LIDAR-based 3D body scanning technology has been licensed by Cornell University to a fashion startup.
Researchers at Cornell University have been developing new 3D scanning technology for several years, specifically to address the niche market of body scanning. This technology has now been licensed to FIT:MATCH, a Florida-based fashion measurement company.
3D body scanning is a way to quickly capture the relevant dimensions of a person seeking custom-fit clothing. The idea is to use the captured measurements either to make adjustments in a clothing model for custom production or select the best fitting option from available sizes.
Either way, the buyer gets a better fitting set of clothes.
But is this really necessary? Why don’t you simply try on the clothes before buying? While that used to be the standard approach — and still is for physical stores — it is not the case for online fashion shopping. Online it is effectively impossible to truly know the size and dimensions of the products portrayed. Everyone knows sizing seems to vary considerably even when shopping in a physical store, and online stores are no different.
The research done at Cornell determined that the most commonly used measurements — like neck size, waist circumference, etc., surprisingly do not actually correlate with the shape of a person.

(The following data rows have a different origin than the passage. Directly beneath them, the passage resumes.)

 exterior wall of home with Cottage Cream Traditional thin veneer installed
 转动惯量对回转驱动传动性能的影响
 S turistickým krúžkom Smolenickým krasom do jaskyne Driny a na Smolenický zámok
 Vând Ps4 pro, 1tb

This is one of several reasons why it is basically impossible to buy clothing properly online, and why buyers tend to purchase multiple sizes at once and pick the one that fits. The rest are returned, where they frequently end up in landfill due to restocking costs.
According to FIT:MATCH, their research revealed that an incredible “80% of shoppers were wearing the wrong size bra!” This shows how pervasive this issue can be.

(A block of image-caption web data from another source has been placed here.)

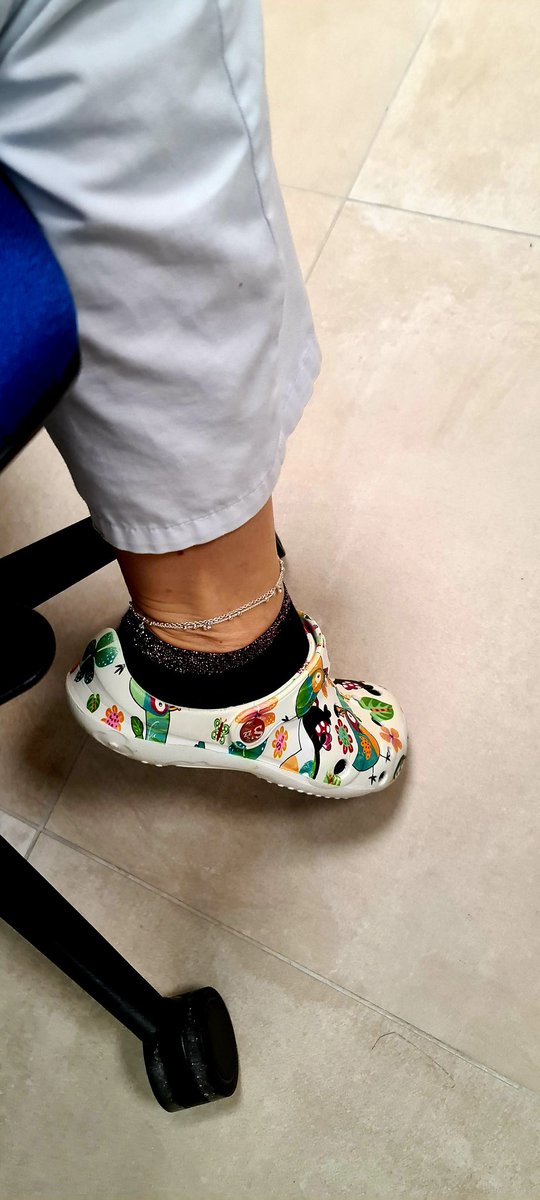 KatherineLoven's tweet photo. Black socks day! 

#Feet #NurseTwitter #sellingcontent #sockjob https://t.co/IourPkT9BF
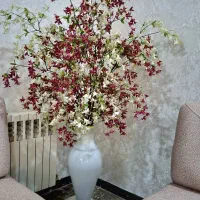 گل مصنوعی و گلدان کنار سالنی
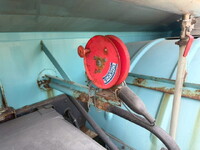 三菱ふそうスーパーグレートタンク車（タンクローリー）大型（10t）[写真24]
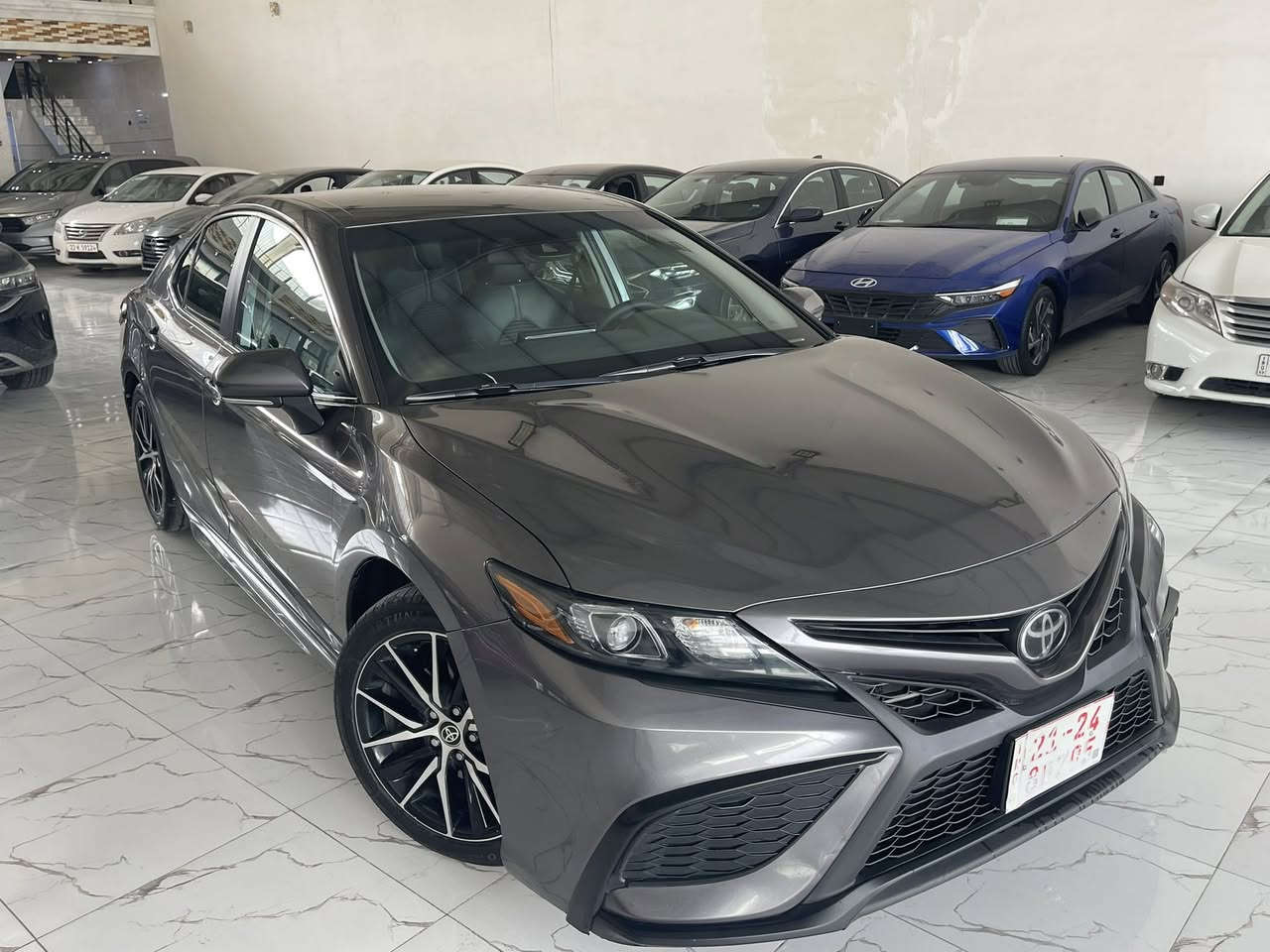 كامري موديل 23  مواصفات SEسياره بجم كبس بدون اي ايرباك سياريه بيه حادث خلفي جاملغ او صندوق صبغ.بس بيه كلير امريكه 3 قطع سياره موجوده في اربيل رقم كاتي سياره رفظ مرور لحد ميطلع قرار تترقم اربيل او سليمانيه او دهوك. انتظر قرار   سياره ماشيه 98 الف كيلو متر مو ميل كيلو سباره حادثه كولش بصيط  سعر 133$. ورقه او بيه مجال بصيط. بس بيع سياره 
***********
*********** وين ميعجبك روح بيه داخل عراق  كتاب رقم هم اسوي بسم مشتري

Instead of using the conventional 2D measurements, the Cornell technology uses a series of 3D fit measurements. These are curved paths around the body in various directions, and truly capture the actual shape of the individual. From there software can predict the ideal geometry for a variety of clothing.
This geometry can, for example, be applied to a specific base style of clothing. The measurements can tweak the base style’s shape to perfectly match the customer.
FIT:MATCH provides an outstanding explanation of how this works with a series of informative animations.
The company has packaged up this technology into an iPhone app that leverages AR and LIDAR hardware and software on the device. A user can use the app to perform a local body scan and generate the necessary 3D measurements. The app does all the processing locally, so no private information is sent or recorded aside from the measurements.
How does this information then get used? It seems that FIT:MATCH is partnering with fashion companies to allow them to better serve their clients. According to FIT:MATCH’s website, they have partnered thus far with Fabletics and Savage X Fenty (Lingerie by Rihanna).
A look at these sites doesn’t indicate use of the technology, so it may be they are still at work figuring out how to deploy it. However, the idea seems quite sound and this should provide a significant benefit for not only the clothing buyer, but also the provider as they could dramatically reduce wasted shipping and products.
On a broader view this technology attracts me because it provides one of the key pieces in a future world where on-demand clothing and other custom products could be routinely provided. The ability to capture the geometry has always been very difficult, and it appears it has been solved, at least for this product niche. Once proven here, the practice could be adapted for other purposes, leading to additional use of 3D printing technology.